Among the Latin Americans, Brazil attracts the most interest, despite a recent slowdown. Mexico, too, is considerable in its own right and also provides access to the U.S. market through the North American Free Trade Agreement. Smaller economies on each side tend to be less noticed.

Yet Peru and Colombia have racked up impressive growth rates following political changes and policy reforms. The recently formed Pacific Alliance brings them together with Chile, Mexico and Costa Rica, accounting for $445 billion in exports.

On the Asian side, the 10-member Association of Southeast Asian Nations — whose collective population of 650 million is more than all of Latin America — deserves more attention. As they integrate as an ASEAN community, their competitiveness will further improve and form links with subgroups such as the Pacific Alliance.

Individual countries, too, can further their ties. An estimated 100 Singaporean companies are present in Latin America, including Keppel, Sembcorp, Olam and Wilmar. There are also Latin American companies venturing in the opposite direction into Singapore such as petrochemical company Braskem and mining giant Vale. Thailand too has engaged, with a free trade agreement with Peru, and has seen its exports to Latin America more than double in recent years.

The efforts of different countries and subgroups can be building blocks for FEALAC to become the premier forum for the inter-regional relationship, broadening connections for all 36 countries participating. This is where governments can make a difference.

There remain gaps in business connectivity — information, infrastructure, logistics and trade facilitation. Progressively the aim must be to fill these gaps so that even the smaller and medium-sized enterprises — and not only the larger corporations — could access the inter-regional opportunities.

A broader foundation for engagement is also needed. This is difficult given the lack of historical interactions between the two regions. Nevertheless, networks between universities and cultural institutions, using the media and tourism, can foster better understanding and increase people-to-people contact. Building for the future, efforts are needed to interest the youth of both regions and help them develop intercultural skills.

These were among the recommendations put forward in Bali by Vision Group, appointed by FEALAC ministers. Some ideas aim to jump-start a new stage in relations with iconic projects such as a regular business forum and a network among universities. The longer-term goal is to deepen and expand inter-regional ties so that they are an essential component of the global system, taking their place alongside ties with the U.S. and Europe.

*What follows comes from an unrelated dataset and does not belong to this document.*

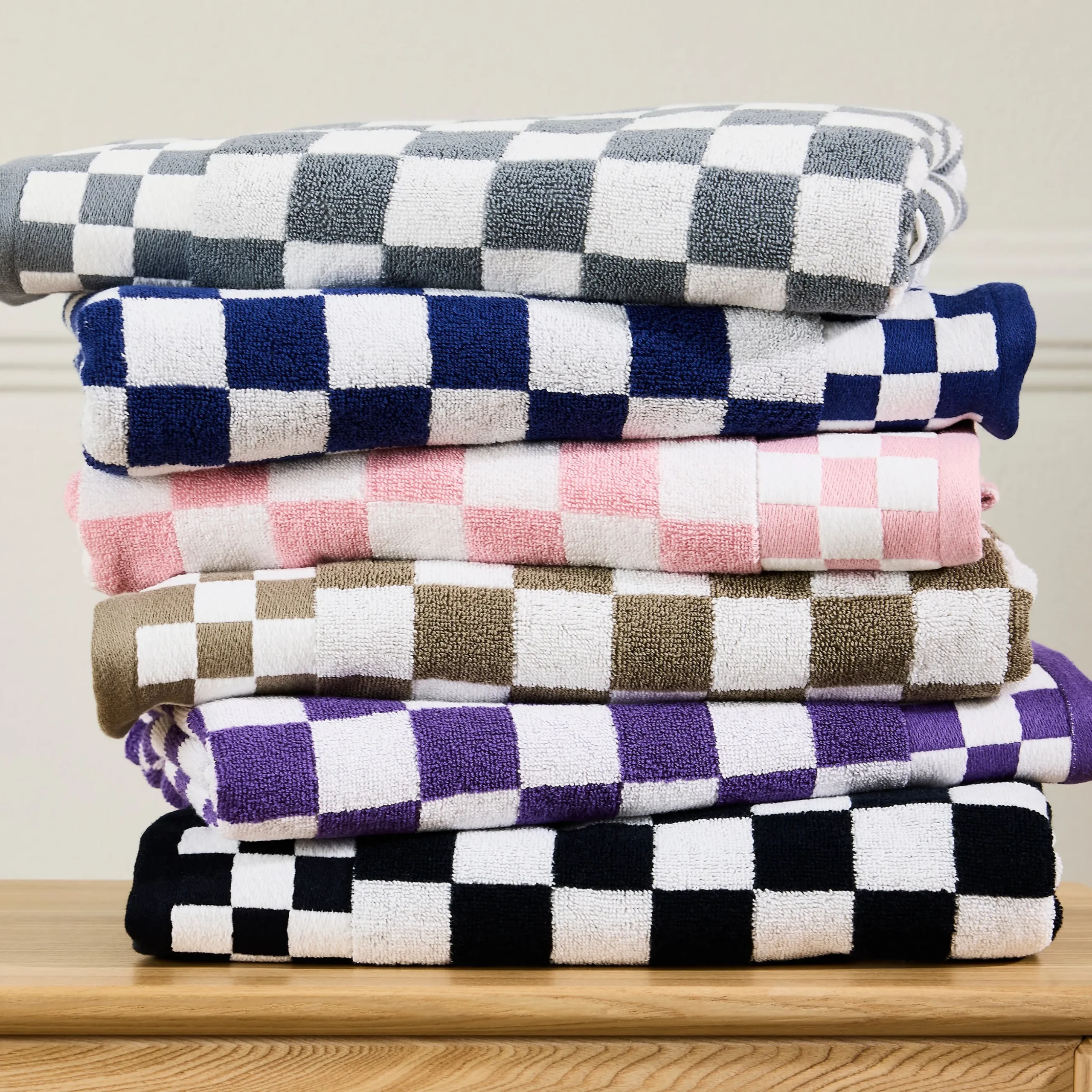Indigo Check Bath Towel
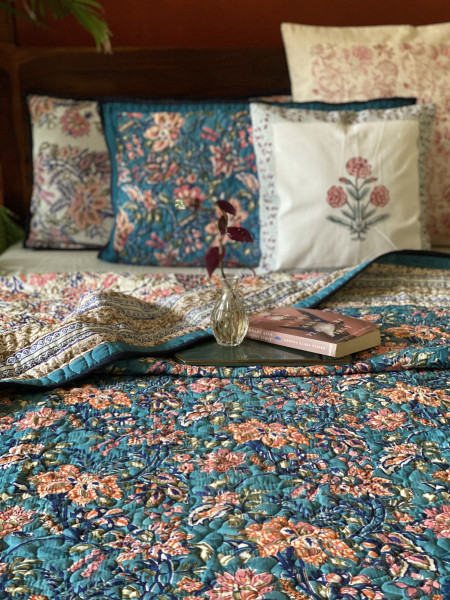 BLUE Cotton HAND Block Print Double AC Quilt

Cliches about revolutions and drug smuggling may persist when Asians think about Latin America, and vice versa. The realities of trade and changes in global politics are, however, pushing both sides to rethink old assumptions.

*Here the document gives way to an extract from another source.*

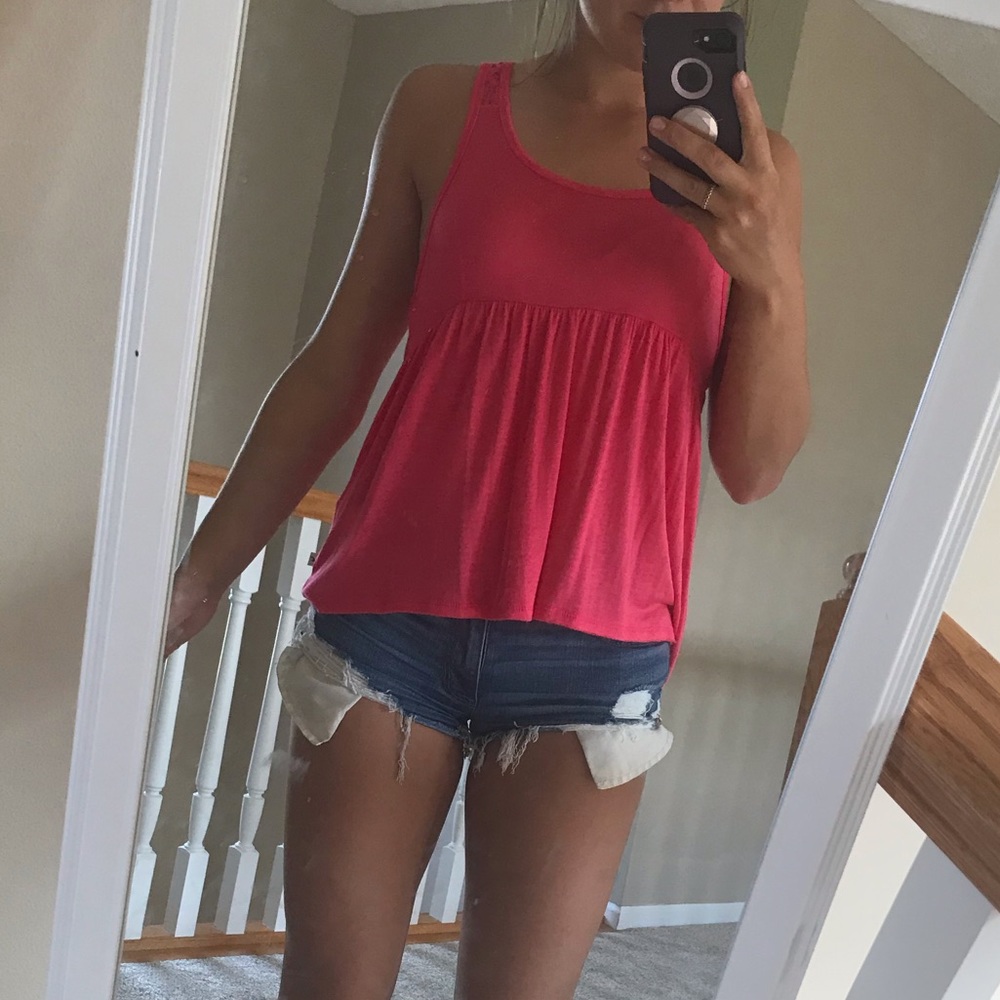 Pink Hollister Tank with Lace back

The opportunities are real and substantial — more than when FEALAC first began. But for these to be realized, Asians and Latin Americans must increasingly give attention to each other as a new frontier for engagement.

Simon Tay is chairman of the Singapore Institute of International Affairs. He served as his country’s representative on Vision Group for FEALAC and was the overall editor of the final report submitted to the ministers at their meeting held in Indonesia.